Run the same prompts with and without typed edges. Does the model behave differently when it knows relationship types? If yes — that's signal. If no — you've still built something nobody else has tested at this granularity.
Needs: any transformer, ~100 lines of code
Path 2
Add a threshold
In standard attention, every token attends to every other token. Most of those connections carry almost no signal — but they still cost compute. And you can't see which ones mattered.
Add a minimum activation threshold to any attention layer. Connections below the threshold don't fire. Log which connections survive the cut.
Two things happen. First: efficiency — O(n²) drops toward O(n×k) where k is the number of connections that actually matter. Second, and more important: interpretability. You can now see exactly which connections the model used. The ones that fire are the ones that mattered. The rest were noise.
Needs: one attention layer, a threshold value, a logger
Path 3
Write a trace
Every AI session starts from zero. You correct a mistake in session 1. Session 2 makes the same mistake. The model read your correction. It didn't learn from it.
After each session, write what the model learned to a file — corrections, decisions, patterns discovered. Before the next session, prepend that trace to context.
Now measure: does it make the same mistake twice? Does it reference yesterday's corrections in today's answers? The trace is the simplest form of self-modifying inference — the model reading its own history and changing behavior because of it.
Needs: any LLM API, a JSON file, a diff checker
Path 4
Train for self-knowledge
Current models optimize for one thing: predict the right next token. They have no loss for knowing what they don't know. A model that's 30% confident about something says it with the same fluency as something it's 95% confident about.
Add a second prediction head that outputs a confidence score. Train on examples where you know ground truth — when the model is right, confidence should be high. When it's wrong, confidence should be low.
The loss becomes: predict_right_token() + α × can_you_cite_why(). Now the model is penalized for generating things it can't explain. Self-knowledge isn't a feature. It's a loss function.
Needs: a fine-tuning setup, labeled confidence data
What you actually need.
Not what you think you need. What you actually need.
A model
Qwen 2.5 7B, Llama 3.1 8B, Mistral 7B.
All free. All run on consumer GPUs.
8GB VRAM with QLoRA.
A method
LoRA/QLoRA for fine-tuning.
Hugging Face transformers + PEFT.
Standard Python.
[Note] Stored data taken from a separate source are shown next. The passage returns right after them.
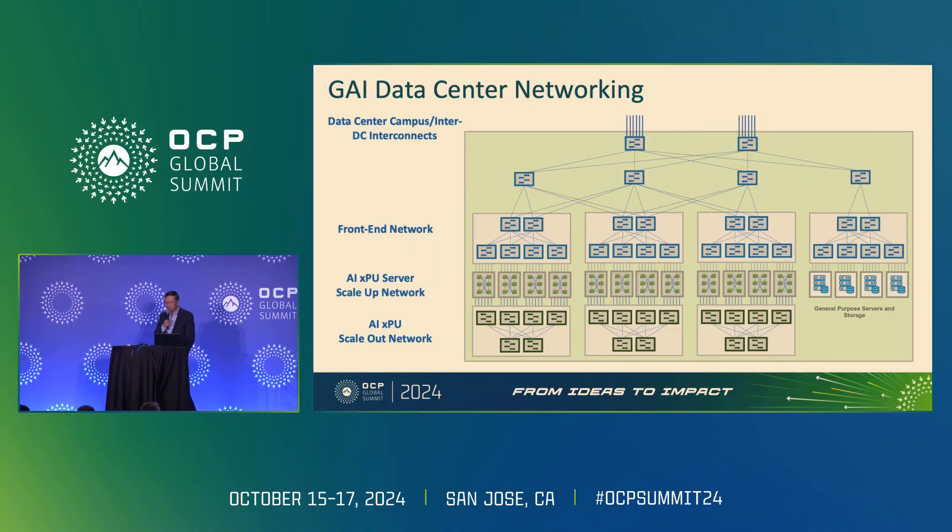Each of these rectangle blocks could be eight GPUs, could be 72, could be a few hundred — you treat them as a super GPU. This is the so-called scale-up network, and this is where I'm going to focus my talk in the next few minutes.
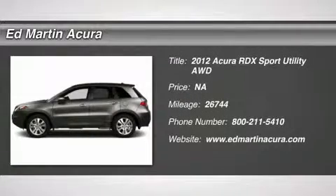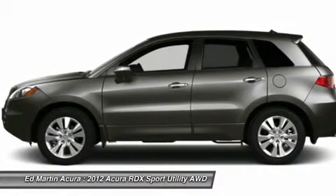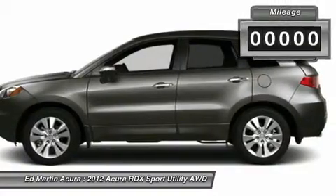2012 RDX. Viewed as Acura's answer to BMW's sporty X3, the RDX offers a stylish interior, plenty of sport, and a nice amount of utility.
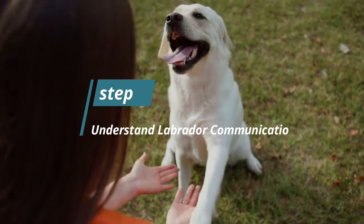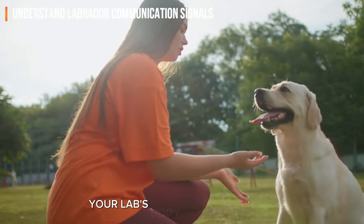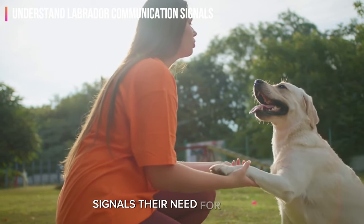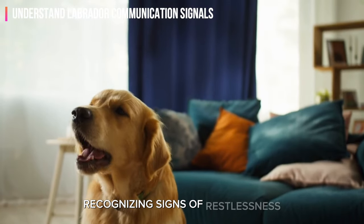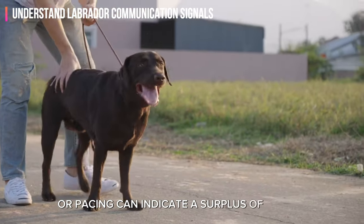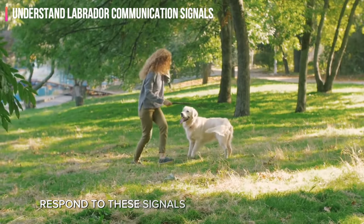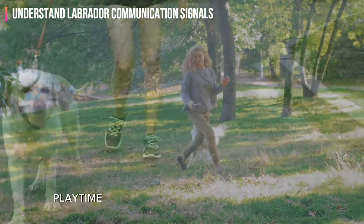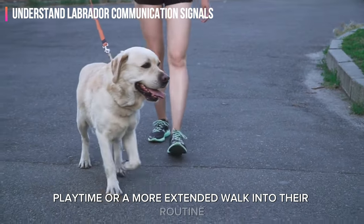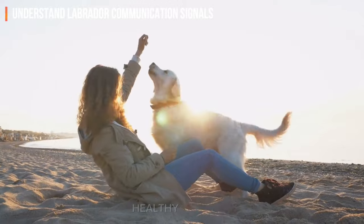Step 7: Understand Labrador communication signals. Your lab's body language often signals their need for exercise. Recognizing signs of restlessness, excessive barking, or pacing can indicate a surplus of energy that requires a physical outlet. Respond to these signals by incorporating extra playtime or a more extended walk into their routine, addressing their energy needs effectively and promoting a balanced, healthy lifestyle.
No custom CUDA.
A question
Not "how do I build this?"
But "what happens if I try?"
The question IS the method.
Everything on this page was built with a Qwen 2.5 7B and a Claude Max subscription.
If you have a GPU and curiosity, you have enough.
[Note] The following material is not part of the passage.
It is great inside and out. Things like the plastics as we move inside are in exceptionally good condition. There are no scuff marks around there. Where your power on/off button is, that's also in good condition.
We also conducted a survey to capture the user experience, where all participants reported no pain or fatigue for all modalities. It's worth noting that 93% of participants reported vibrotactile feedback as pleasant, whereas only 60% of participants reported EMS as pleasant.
What happens when someone actually does this?
If one person builds one typed attention prototype, we learn whether relationship labels carry signal through inference.
If ten people each build a different piece, the architecture starts assembling itself — not by coordination, but by convergence. Same question, different implementations, shared findings.
If any of it works — even partially, even messily — it means the current paradigm is leaving value on the table. Not because the models are bad. Because they don't know what they know.
And if it doesn't work?
Then you'll know why. You'll have the experiment, the data, the specific point of failure. That's more valuable than an opinion. That's engineering.
Three ways to engage.
Build it
Pick a path. Build a prototype. Share what happens — the failures are as valuable as the successes.
Break it
Tell us what's wrong. Which ideas are already solved? Which are provably impossible? Point to the papers we missed.
Extend it
See something we didn't? A fifth idea that connects to these four? A domain where this applies differently? That's how architectures grow.
"Which parts matter right now?"
That question started this project. The same question is now yours.
The architecture is open. The ideas are free. The models are free.
The only thing missing is what you do next.